Reconstructing Raku's Junctions

Reconstructing Raku's Junctions

Junctions in Raku are cool but at first glance they do not follow the rules for static typing. I was curious about their formal typing semantics, so I deconstructed and then reconstructed junctions from a functional, static typing perspective.

If you don’t know Raku or are unfamiliar with the functional style of programming, I suggest you read my introductory article “Cleaner code with functional programming”. If you have not heard of algebraic data types before, I suggest my article “Roles as Algebraic Data Types in Raku”.

Junctions in Raku

Raku has this neat feature called Junctions. A junction is an unordered composite value. When a junction is used instead of a value, the operation is carried out for each junction element, and the result is the junction of the return values of all those operators. Junctions collapse into a single value when used in a Boolean context. Junctions can be of type all (&), any (|), one (^) or none (empty junction).

For example,

my $j = 11|22; # short for any(11,22)
if 33 == $j + 11 {
    say 'yes';
}

say so 3 == (1..30).one;         #=> True 
say so ("a" ^ "b" ^ "c") eq "a"; #=> True

The function so forces the Boolean context.

Junctions have type Junction, and I was curious about the typing rules, because at first sight there is something strange. Let’s say we have a function sq from Int to Int :

sub sq(Int $x --> Int) { $x*$x }

my Int $res = sq(11); # OK
say $res; #=> 121 

Now let’s define a junction of type any of Int values:

my Junction $j = 11 | 22; 

When we apply sq to $j, we do not get a type error, even though the functions has type :(Int --> Int) and the junction has type Junction. Instead, we get a junction of the results:

say sq($j); #=> any(121, 484)

If we assign this to a variable of type Int as before, we get a type error:

my Int $rj = sq($j); #=> Type check failed in assignment to $rj; expected Int but got Junction (any(121, 484))

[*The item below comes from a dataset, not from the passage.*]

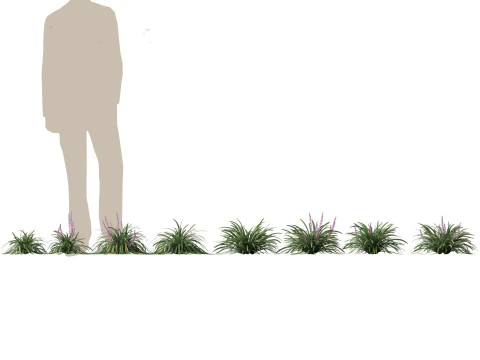 Shade Garden Plants Pack 08 3D Model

Instead, the return value is now of type Junction:

my Junction $rj = sq(11|22); # OK

So the Junction type can take the place of any other type but then the operation becomes a junction as well.

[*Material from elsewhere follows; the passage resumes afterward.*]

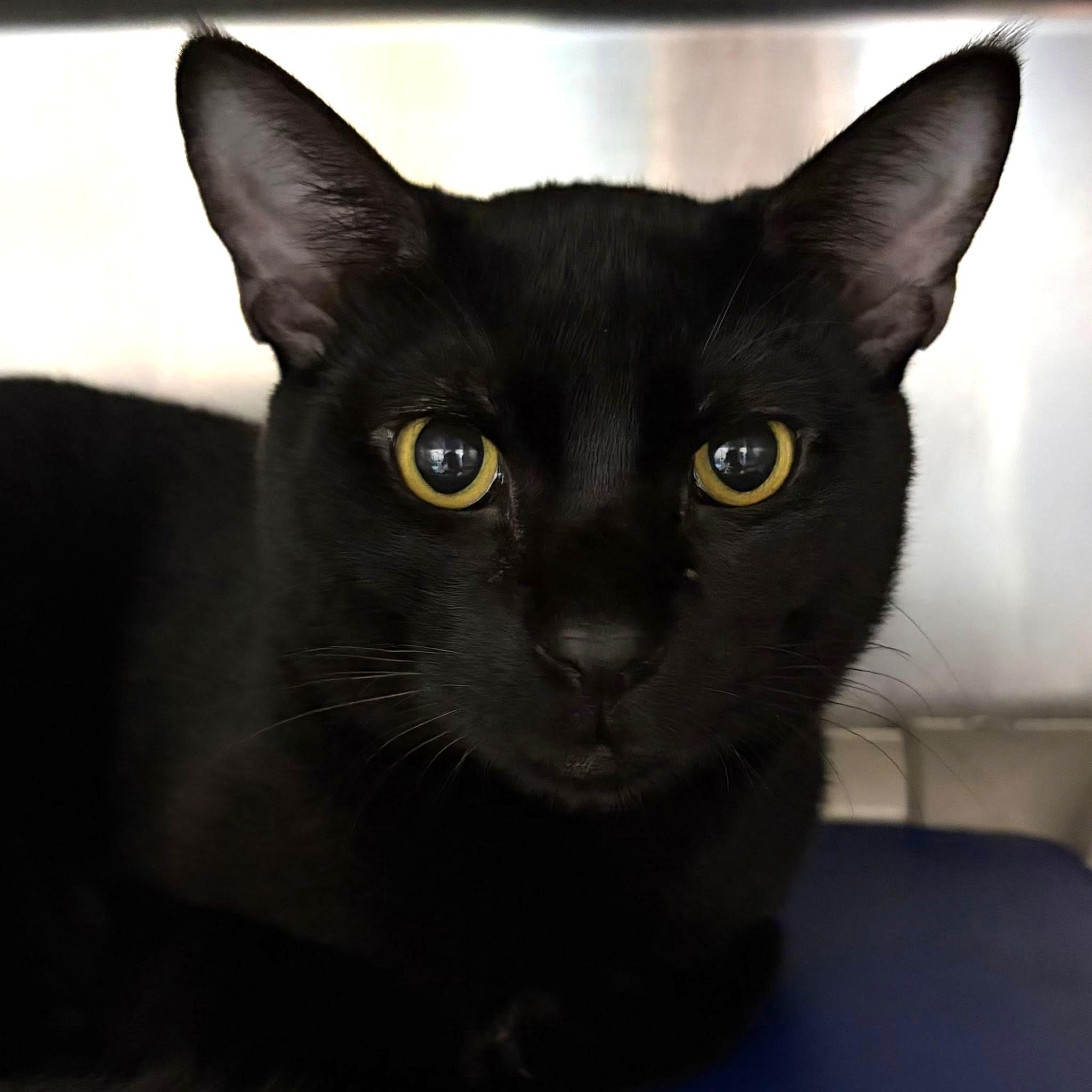 Coco, a ADOPTABLE Domestic Short Hair in North Myrtle Beach, SC image 3/4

On the other hand, junctions are implicitly typed by their constituent values, even though they seem to be of the opaque type Junction. For example, if we create a junction of Str values, and try to pass this junction value into sq, we get a type error:

my $sj = '11' | '22';
say $sj.WHAT; #=>(Junction)

my Junction $svj = sq($sj); #=> Type check failed in binding to parameter 'x'; expected Int but got Str ("11")

Do junctions follow static typing rules?

Although this kind of makes sense (we don’t want it to work with Str if the original function expects Int), this does flout the rules for static typing, even with subtyping. If an argument is of type Int then any type below it in the type graph can be used instead. But the simplified type graph for Int and Junction is as follows:

    Int -> Cool -> Any -> Mu <- Junction

So a Junction is never a subtype of anything below Any. Therefore putting a junction in a slot of type Any or subtype thereof should be a type error.

Furthermore, because the Junction type is opaque (i.e. it is not a parametrised type), it should not hold any information about the type of the values inside the junction. And yet it does type check against these invisible, inaccessible values.

So what is happening here?

A working hypothesis

A working hypothesis is that a Junction type does not really take the place of any other type: it is merely a syntactic sugar that makes it seem so.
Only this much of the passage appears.